EXERCISE DIRECTIONS -> Exact copy, no pictures: set down every entry below as written.

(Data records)
§

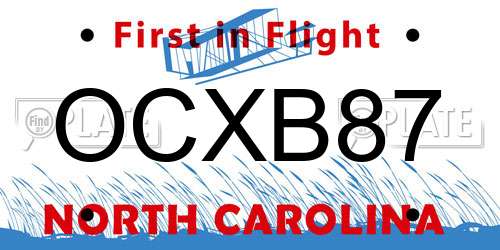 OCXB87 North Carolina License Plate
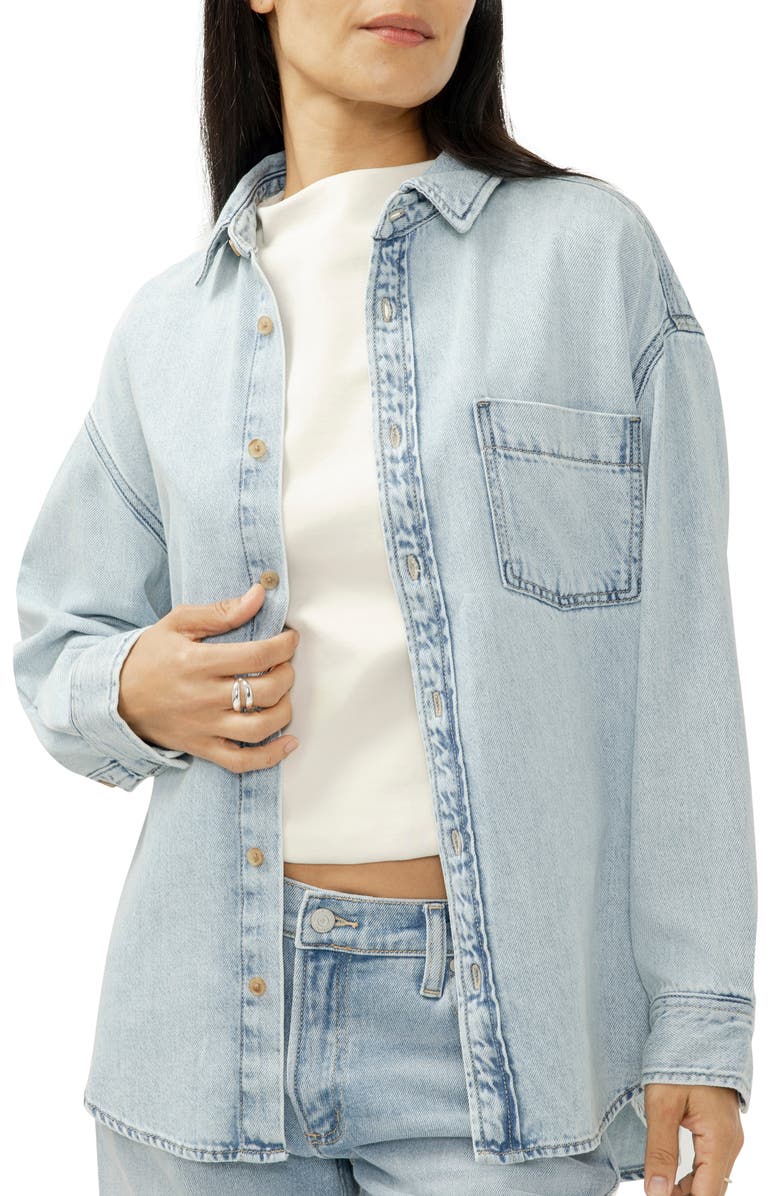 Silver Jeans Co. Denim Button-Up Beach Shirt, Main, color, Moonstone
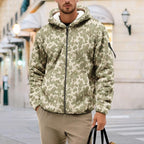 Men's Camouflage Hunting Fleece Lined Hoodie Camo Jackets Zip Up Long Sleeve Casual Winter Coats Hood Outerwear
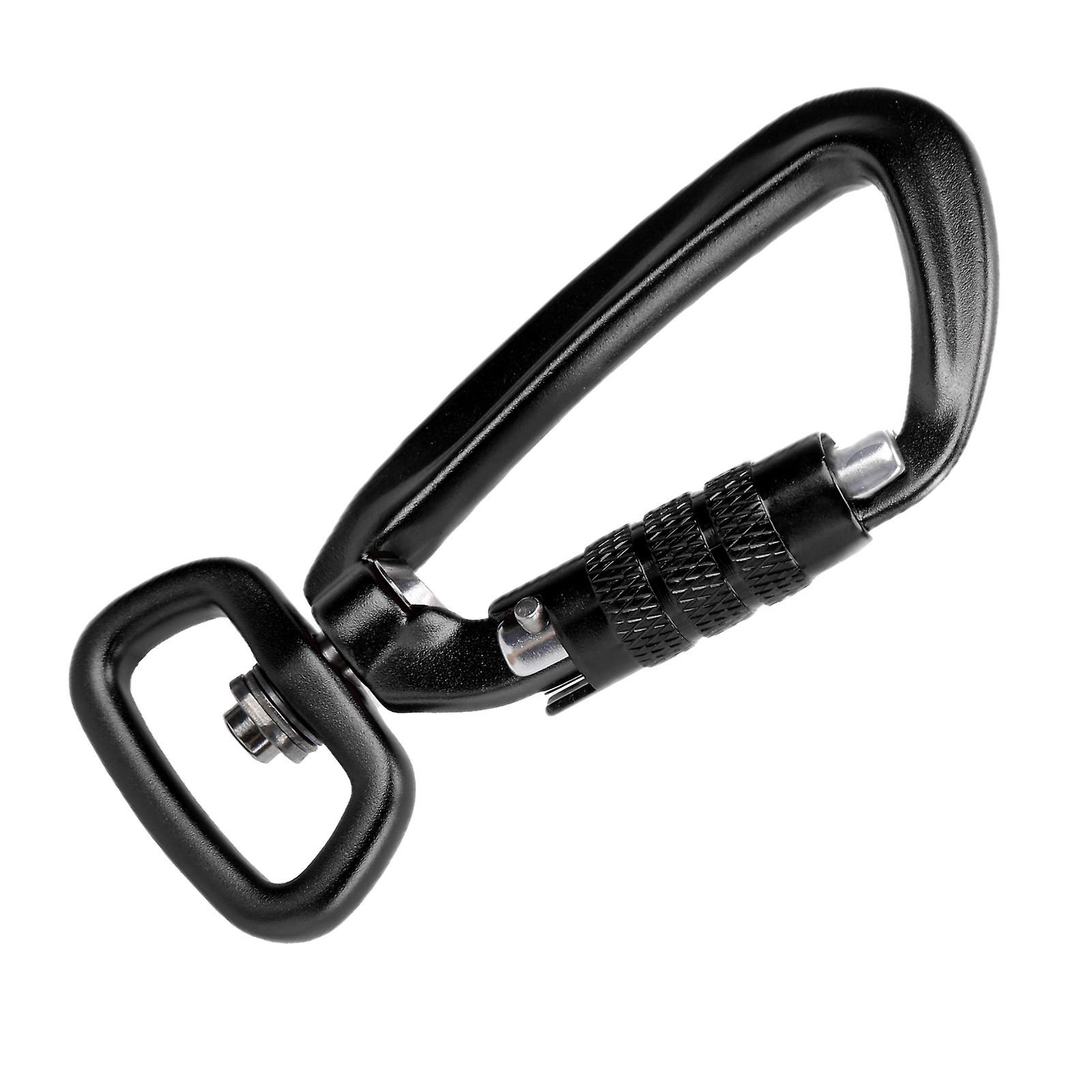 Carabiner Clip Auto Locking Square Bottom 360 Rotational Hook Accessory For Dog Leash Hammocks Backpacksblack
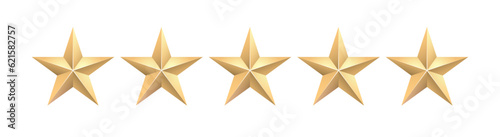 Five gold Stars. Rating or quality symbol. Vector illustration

§

REPLY TO THE TASK ->
 OCXB87 North Carolina License Plate
 Silver Jeans Co. Denim Button-Up Beach Shirt, Main, color, Moonstone
 Men's Camouflage Hunting Fleece Lined Hoodie Camo Jackets Zip Up Long Sleeve Casual Winter Coats Hood Outerwear
 Carabiner Clip Auto Locking Square Bottom 360 Rotational Hook Accessory For Dog Leash Hammocks Backpacksblack
 Five gold Stars. Rating or quality symbol. Vector illustration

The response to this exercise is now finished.